У обитой жестью двери радиорубки он остановился, несколько раз глубоко вдохнул, словно готовясь к погружению, и наконец решительно постучал.
Ответа не было.
— Шмакин! — заорал Семушкин. — Где чертеж?!
— Не будет чертежа, — ответил сиплый мальчишеский голос.
— Шмакин! — повторил Семушкин. — Ты чувствуй! Я не посмотрю, что ты калека. Я тебе вторую руку вырву. Если завтра не будет чертежа, у меня цех встанет.
За дверью молчали.
— Шмакин, — сказал Семушкин гораздо тише. — Это ты мне так за все мое добро, да?
Щелкнули два замка, и дверь открылась.
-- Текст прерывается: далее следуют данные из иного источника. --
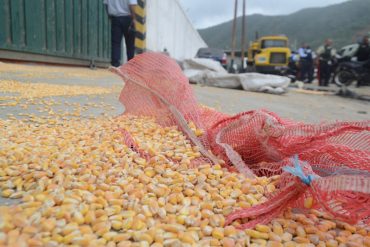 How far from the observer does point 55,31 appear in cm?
615

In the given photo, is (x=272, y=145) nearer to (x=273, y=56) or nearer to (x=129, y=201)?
(x=129, y=201)

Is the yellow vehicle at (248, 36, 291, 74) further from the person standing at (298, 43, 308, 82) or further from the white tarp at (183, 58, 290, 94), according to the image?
the white tarp at (183, 58, 290, 94)

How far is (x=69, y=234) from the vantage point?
827 millimetres

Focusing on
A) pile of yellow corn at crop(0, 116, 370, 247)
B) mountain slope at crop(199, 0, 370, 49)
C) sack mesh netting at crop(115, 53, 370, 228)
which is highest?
mountain slope at crop(199, 0, 370, 49)

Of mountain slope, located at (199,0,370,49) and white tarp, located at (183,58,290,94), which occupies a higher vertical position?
mountain slope, located at (199,0,370,49)

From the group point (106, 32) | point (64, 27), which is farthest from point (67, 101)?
point (106, 32)

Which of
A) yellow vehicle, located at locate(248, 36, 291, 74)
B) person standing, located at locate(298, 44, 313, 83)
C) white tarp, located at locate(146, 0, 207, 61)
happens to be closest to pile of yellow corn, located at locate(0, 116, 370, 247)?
white tarp, located at locate(146, 0, 207, 61)

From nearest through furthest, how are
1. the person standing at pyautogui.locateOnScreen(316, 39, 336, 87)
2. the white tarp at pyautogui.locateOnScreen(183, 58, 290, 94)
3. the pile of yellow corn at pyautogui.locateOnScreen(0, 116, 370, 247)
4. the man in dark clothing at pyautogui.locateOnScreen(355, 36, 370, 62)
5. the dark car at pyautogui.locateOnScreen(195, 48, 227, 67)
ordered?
1. the pile of yellow corn at pyautogui.locateOnScreen(0, 116, 370, 247)
2. the white tarp at pyautogui.locateOnScreen(183, 58, 290, 94)
3. the man in dark clothing at pyautogui.locateOnScreen(355, 36, 370, 62)
4. the person standing at pyautogui.locateOnScreen(316, 39, 336, 87)
5. the dark car at pyautogui.locateOnScreen(195, 48, 227, 67)

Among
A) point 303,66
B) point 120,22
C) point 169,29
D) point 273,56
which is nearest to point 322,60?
point 303,66

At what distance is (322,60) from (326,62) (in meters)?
0.14

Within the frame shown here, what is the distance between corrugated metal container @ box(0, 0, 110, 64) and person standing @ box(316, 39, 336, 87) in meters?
7.13

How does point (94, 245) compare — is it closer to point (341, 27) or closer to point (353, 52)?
point (353, 52)

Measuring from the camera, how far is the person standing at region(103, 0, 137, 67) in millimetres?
5148

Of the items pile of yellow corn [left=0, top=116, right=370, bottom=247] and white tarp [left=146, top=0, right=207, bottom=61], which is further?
white tarp [left=146, top=0, right=207, bottom=61]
Шмакин, щуплый малый с болтающимся рукавом линялого, некогда лилового свитера стоял перед ними с выражением отчаянным и почти слезливым.
— Я не могу, Владимир Алексеич, — сказал он.
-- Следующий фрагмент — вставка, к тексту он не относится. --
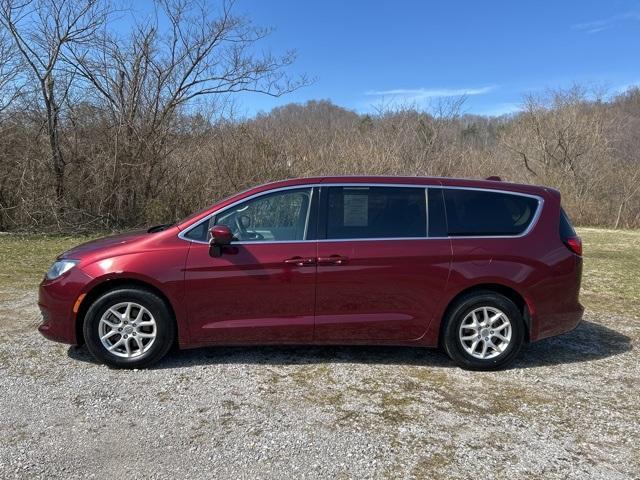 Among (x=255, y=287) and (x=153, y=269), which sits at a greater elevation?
(x=153, y=269)

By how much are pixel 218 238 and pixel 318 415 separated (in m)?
1.66

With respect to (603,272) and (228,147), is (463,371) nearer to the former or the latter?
(603,272)

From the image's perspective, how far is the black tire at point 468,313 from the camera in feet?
14.6

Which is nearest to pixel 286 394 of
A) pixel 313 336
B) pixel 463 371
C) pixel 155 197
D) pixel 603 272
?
pixel 313 336

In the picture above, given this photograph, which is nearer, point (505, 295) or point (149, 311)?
point (149, 311)

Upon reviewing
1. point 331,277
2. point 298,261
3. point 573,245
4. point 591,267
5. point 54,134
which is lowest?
point 591,267

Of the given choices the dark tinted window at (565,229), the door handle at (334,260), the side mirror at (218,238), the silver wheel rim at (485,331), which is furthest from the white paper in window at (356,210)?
the dark tinted window at (565,229)

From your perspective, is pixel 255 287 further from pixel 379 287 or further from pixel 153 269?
pixel 379 287

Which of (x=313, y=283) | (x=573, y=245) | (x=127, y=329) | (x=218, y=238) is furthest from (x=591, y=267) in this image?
(x=127, y=329)

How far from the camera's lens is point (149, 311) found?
14.2ft

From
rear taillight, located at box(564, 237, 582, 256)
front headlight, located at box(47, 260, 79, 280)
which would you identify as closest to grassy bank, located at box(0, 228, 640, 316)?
rear taillight, located at box(564, 237, 582, 256)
— Шмакин, — проникновенно выговорил Семушкин. — Если не ты, это вообще никто не сделает. Пойми, Шмакин. Такая голова одна не на школу, а на город. Ты подумаешь и сделаешь. Если ты не сделаешь, меня же снимут с цеха, а куда я пойду?
Не поверить ему было невозможно. Казалось, сейчас он и сам пустит скупую мужскую слезу.
— Это нельзя сделать, — прошептал Шмакин. — Эти техусловия… вы же знаете… они взаимоисключающие.
— А ты сделаешь, — настойчиво повторил Семушкин. — Никто не сделает, а ты сделаешь. Но прятаться — это же последнее дело. Переформулируй там условия, в конце концов. В пределах допуска. Ты же знаешь, как по ГОСТу…
— Но если я не могу? У вас что, инженеров нет?
— У меня нет таких инженеров, Шмакин. У меня никогда не будет таких инженеров. Хочешь, я тебе, к чертям собачьим, двойные сверхурочные заплачу?
— Да при чем тут! — взорвался Шмакин. — Вы хотите какую температуру поставить? У вас при такой температуре все полопается к фигам, а крайний снова я буду!
— Когда ты был у меня крайний? Я всегда тебя прикрывал.
— Когда вам это нужно? — прошептал Шмакин после долгой паузы.
— Послезавтра все. Край.
— Я попробую, — сказал Шмакин и мимо Семушкина сомнамбулически побрел в актовый зал.
— Изумительный парень, — тихо рассказывал Семушкин Вале, спускаясь на второй этаж. — Я его в Вологде нашел. Отказник, что-то с рукой, родился с культяпкой. Способности фантастические. Я его забрал к себе. Он уже две олимпиады выиграл.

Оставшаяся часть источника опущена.